Das Vierschanzentournee präsentiert einige der beeindruckendsten Skisprünge im kompetitiven Wintersport. Dazu zählt die Große Olympiaschanze in Garmisch-Partenkirchen, die ursprünglich für die Olympischen Winterspiele 1936 erbaut wurde. Seitdem ist sie zu einem zentralen Austragungsort des Vierschanzentournees geworden und beherbergt den jährlichen Neujahrsskisprung.
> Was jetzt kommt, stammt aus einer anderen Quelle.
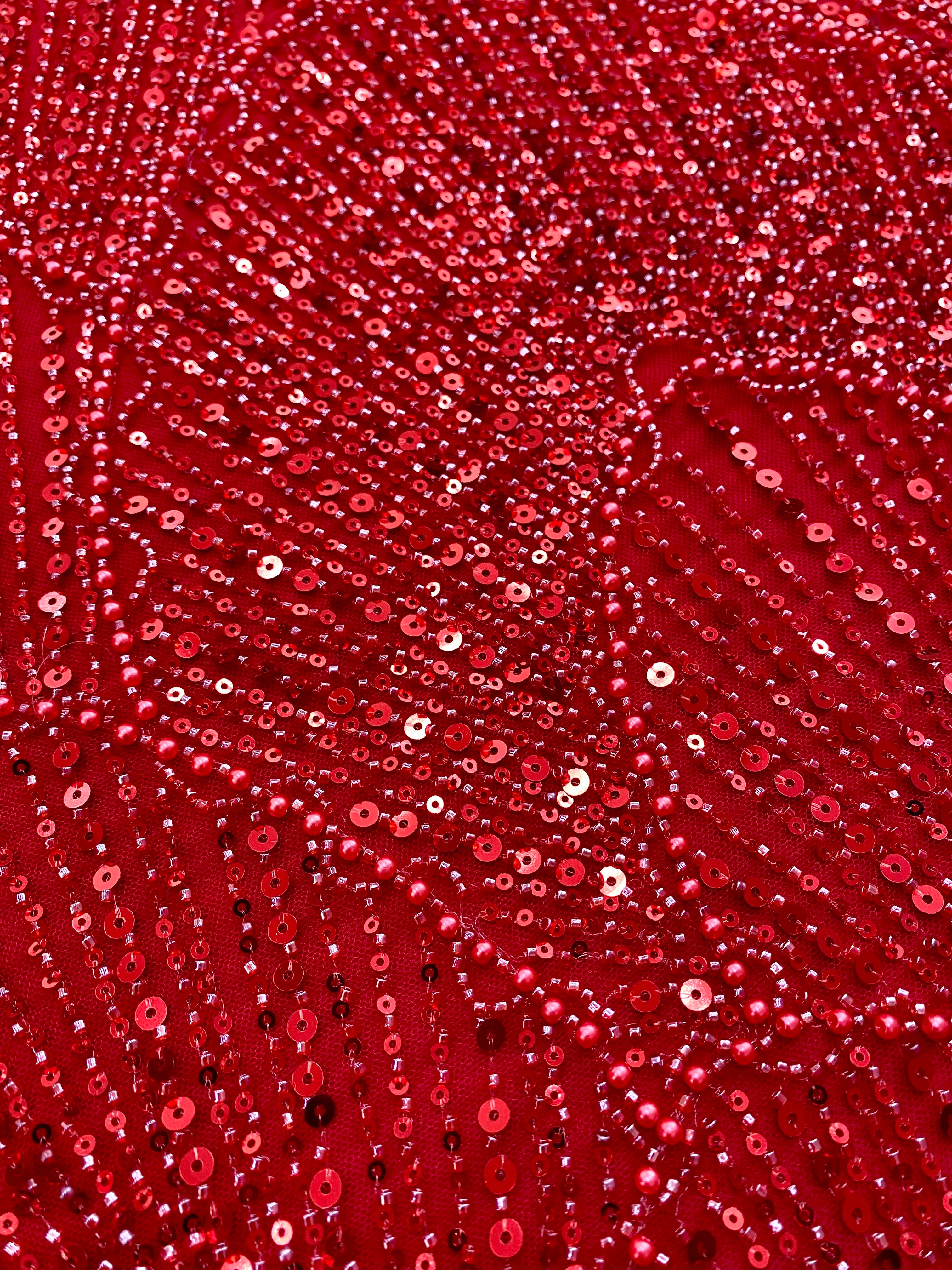 Piros Couture csipke geometriai mintával, gyöngyökkel, gyöngyöcskékkel és flitterekkel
Das Ereignis zieht jedes Jahr mehr als 25.000 Zuschauer an, die gespannt die spektakulären Flüge der Athleten verfolgen.

Mit einer Schanzengröße von 142 Metern entspricht die Anlage der Paul-Außerleitner-Schanze in Bischofshofen – beide sind die größten im Rahmen des Turniers. Trotz der offiziellen Angabe erreicht die tatsächliche Konstruktion in Garmisch-Partenkirchen eine Höhe von 149 Metern. Der österreichische Springer Michael Hayböck hält derzeit den Schanzenrekord mit einem Sprung von 145 Metern, den er 2025 erzielte. Die meisten anderen Sprunganlagen im Vierschanzentournee messen bis zu 130 Meter, was diese beiden Standorte besonders herausragend macht. Ihre Dimensionen und die historische Bedeutung ziehen sowohl Spitzenathleten als auch begeisterte Fans magisch an.

Die geteilte Rekordmarke zwischen Garmisch-Partenkirchen und Bischofshofen unterstreicht ihre zentrale Rolle im Skispringen. Beide Schanzen bleiben unverzichtbare Austragungsorte des Vierschanzentournees und bieten einige der anspruchsvollsten und publikumsfreundlichsten Wettbewerbe der Sportart. Ihre imposanten Bauwerke und die Wettkampfrekorde sichern ihnen einen festen Platz in der Tradition des Wintersports.